- WHAT THE EXERCISE ASKS -
Return the records word for word. Any pictures in them are not part of the copy.

- Image-text web data -
◇ ◇ ◇ ◇ ◇ ◇ ◇
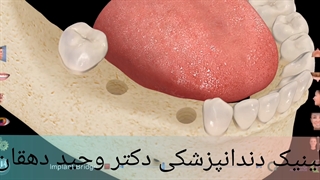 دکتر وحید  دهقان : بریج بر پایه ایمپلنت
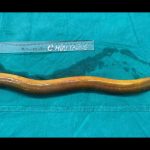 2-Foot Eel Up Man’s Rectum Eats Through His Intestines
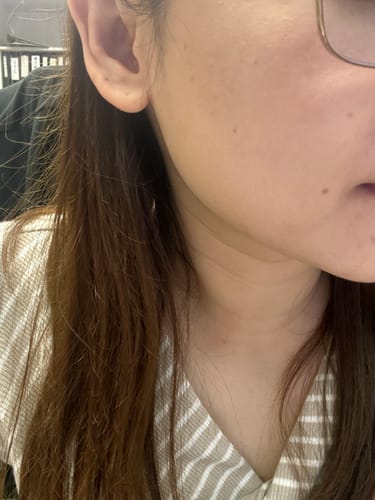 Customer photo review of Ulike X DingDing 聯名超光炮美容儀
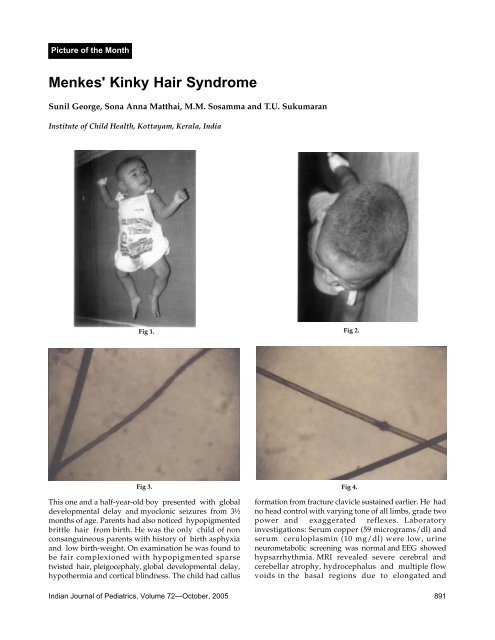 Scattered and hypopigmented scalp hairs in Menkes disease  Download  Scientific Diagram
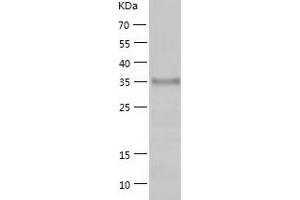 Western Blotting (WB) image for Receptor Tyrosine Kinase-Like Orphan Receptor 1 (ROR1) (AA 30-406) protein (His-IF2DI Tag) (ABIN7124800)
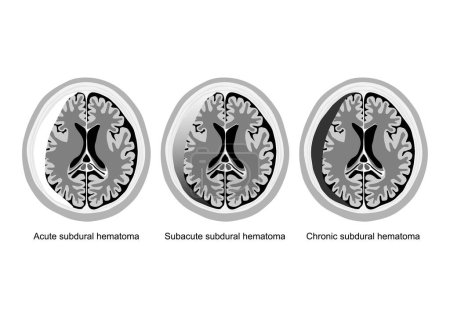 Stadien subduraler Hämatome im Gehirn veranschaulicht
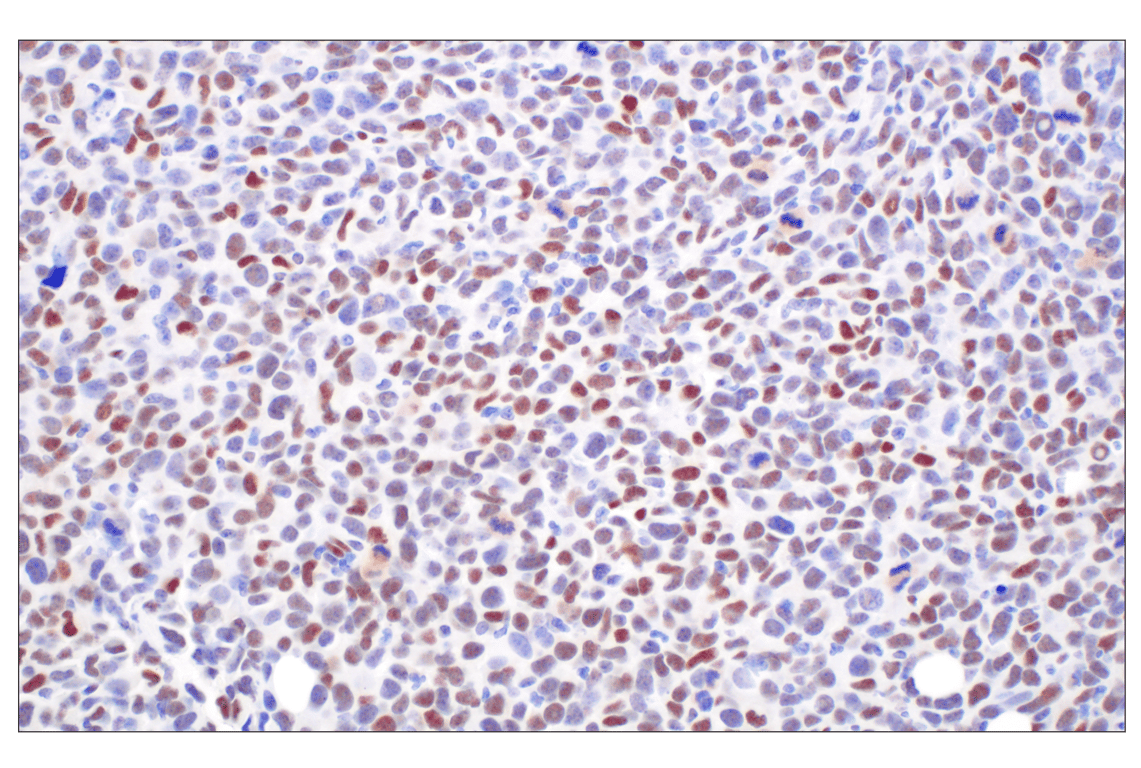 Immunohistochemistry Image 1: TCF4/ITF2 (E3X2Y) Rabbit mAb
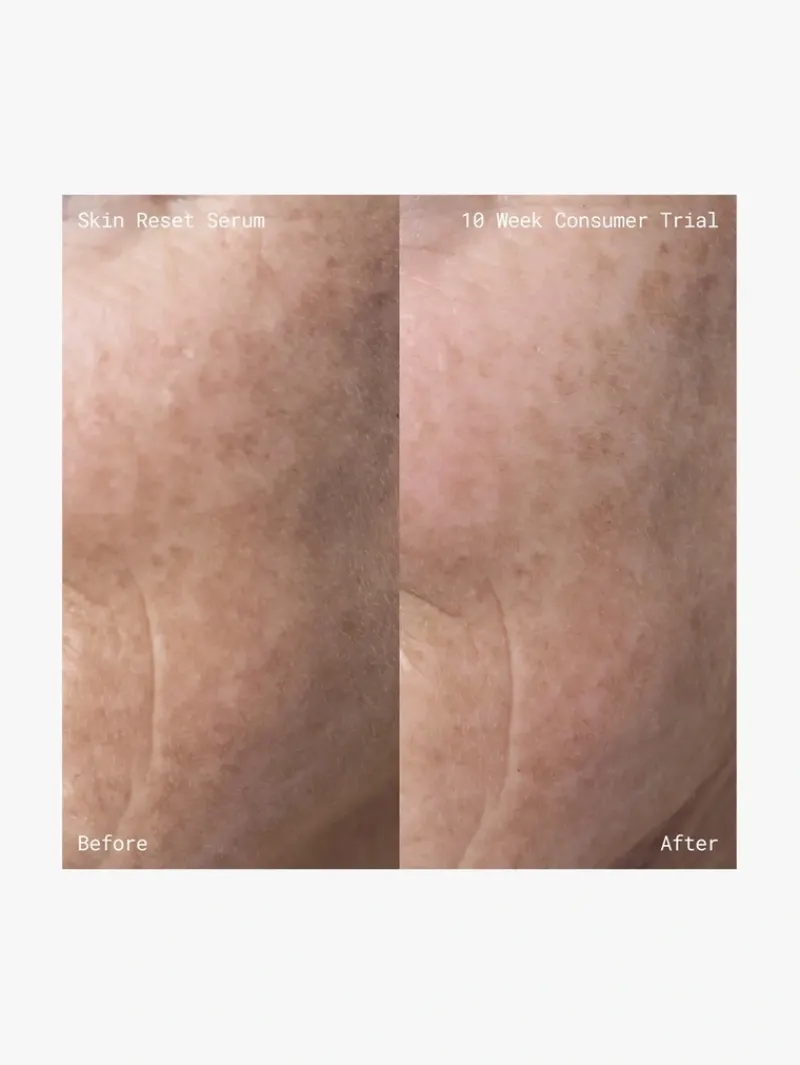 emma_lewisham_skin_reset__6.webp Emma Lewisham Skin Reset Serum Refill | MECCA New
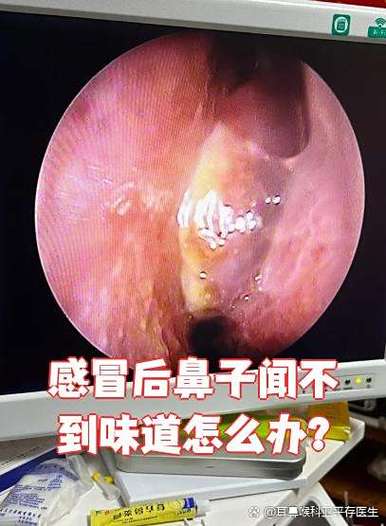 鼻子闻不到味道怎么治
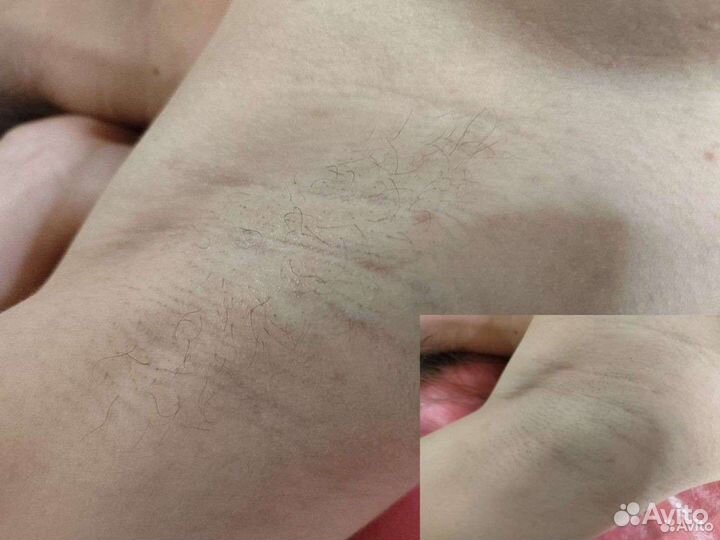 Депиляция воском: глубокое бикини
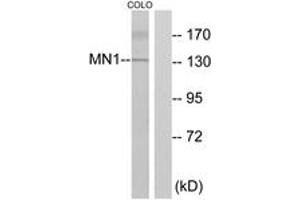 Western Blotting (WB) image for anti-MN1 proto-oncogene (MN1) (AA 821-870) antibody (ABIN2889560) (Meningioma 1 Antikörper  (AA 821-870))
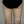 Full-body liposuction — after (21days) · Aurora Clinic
◇ ◇ ◇ ◇ ◇ ◇ ◇
- ANSWER TO THIS PROBLEM -
 دکتر وحید  دهقان : بریج بر پایه ایمپلنت
 2-Foot Eel Up Man’s Rectum Eats Through His Intestines
 Customer photo review of Ulike X DingDing 聯名超光炮美容儀
 Scattered and hypopigmented scalp hairs in Menkes disease  Download  Scientific Diagram
 Western Blotting (WB) image for Receptor Tyrosine Kinase-Like Orphan Receptor 1 (ROR1) (AA 30-406) protein (His-IF2DI Tag) (ABIN7124800)
 Stadien subduraler Hämatome im Gehirn veranschaulicht
 Immunohistochemistry Image 1: TCF4/ITF2 (E3X2Y) Rabbit mAb
 emma_lewisham_skin_reset__6.webp Emma Lewisham Skin Reset Serum Refill | MECCA New
 鼻子闻不到味道怎么治
 Депиляция воском: глубокое бикини
 Western Blotting (WB) image for anti-MN1 proto-oncogene (MN1) (AA 821-870) antibody (ABIN2889560) (Meningioma 1 Antikörper  (AA 821-870))
 Full-body liposuction — after (21days) · Aurora Clinic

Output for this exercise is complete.